Aidoo was born Christina Ama Aidoo on March 23, 1940, in Abeadzi Kyiakor, Ghana. She is a Ghanaian playwright, poet, novelist, and short-story writer and political activist. She is best known for her play Anowa.  She grew up in a Fante royal household, the daughter of Nana Yaw Fama, chief of Abead Kyiakor, and Maame Abasema. She was sent by her father to the Wesley Girls’ High School in Cape Coast from 1961 to 1964.

Saturday, August 27, 2011

Aidoo was born Christina Ama Aidoo on March 23, 1940, in Abeadzi Kyiakor, Ghana. She is a Ghanaian playwright, poet, novelist, and short-story writer and political activist.
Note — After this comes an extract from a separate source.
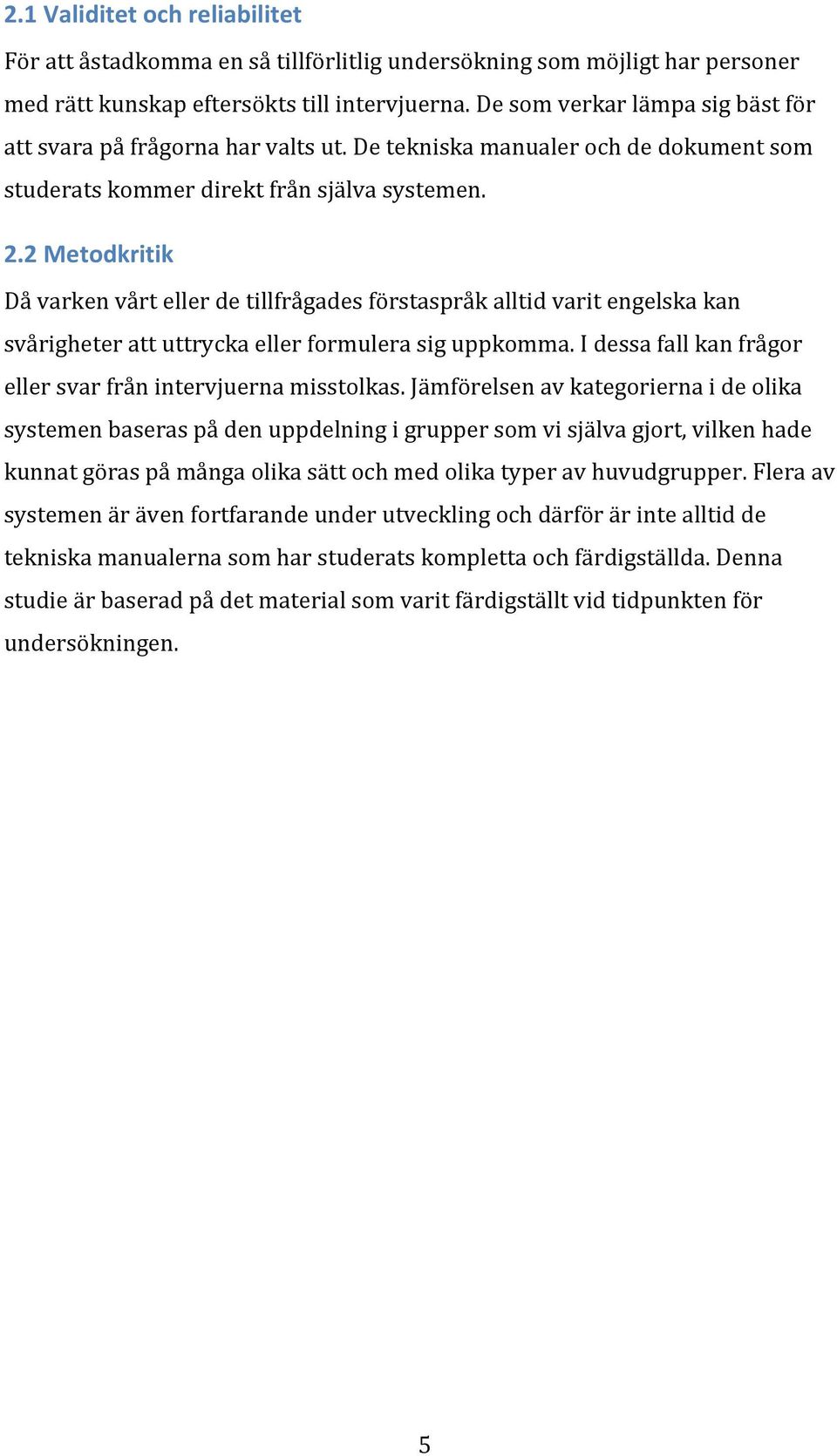 2 Metodkritik Då varken vårt eller de tillfrågades förstaspråk alltid varit engelska kan svårigheter att uttrycka eller formulera sig uppkomma.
She is best known for her play Anowa.

She grew up in a Fante royal household, the daughter of Nana Yaw Fama, chief of Abead Kyiakor, and Maame Abasema. She was sent by her father to the Wesley Girls’ High School in Cape Coast from 1961 to 1964.

After leaving high school, she enrolled at the University of Ghana in Legon and received her Bachelor of Arts in English as well as writing her first play, The Dilemma of a Ghost, in 1964. The play was published by Longman the following year, making Aidoo the first published African woman dramatist.

She worked in the United States of America where she held a fellowship in creative writing at Stanford University. She also served as a research fellow at the Institute of African Studies, University of Ghana, and as a Lecturer in English at the University of Cape Coast eventually rising there to the position of Professor.

Aside from her literary career, Aidoo was appointed Minister of Education under the Provisional National Defence Council in 1982. She resigned after 18 months. She has also spent a great deal of time teaching. She is currently a Visiting Professor in the Africana Studies Department at Brown University.

Aidoo’s works of fiction particularly deal with the tension between Western and African world views. Many of her protagonists are women who defy the stereotypical women’s roles of their time. Her novel Changes, won the 1992 Commonwealth Writers’ Prize for Best Book (Africa). She is also an accomplished poet, and has written several children’s books.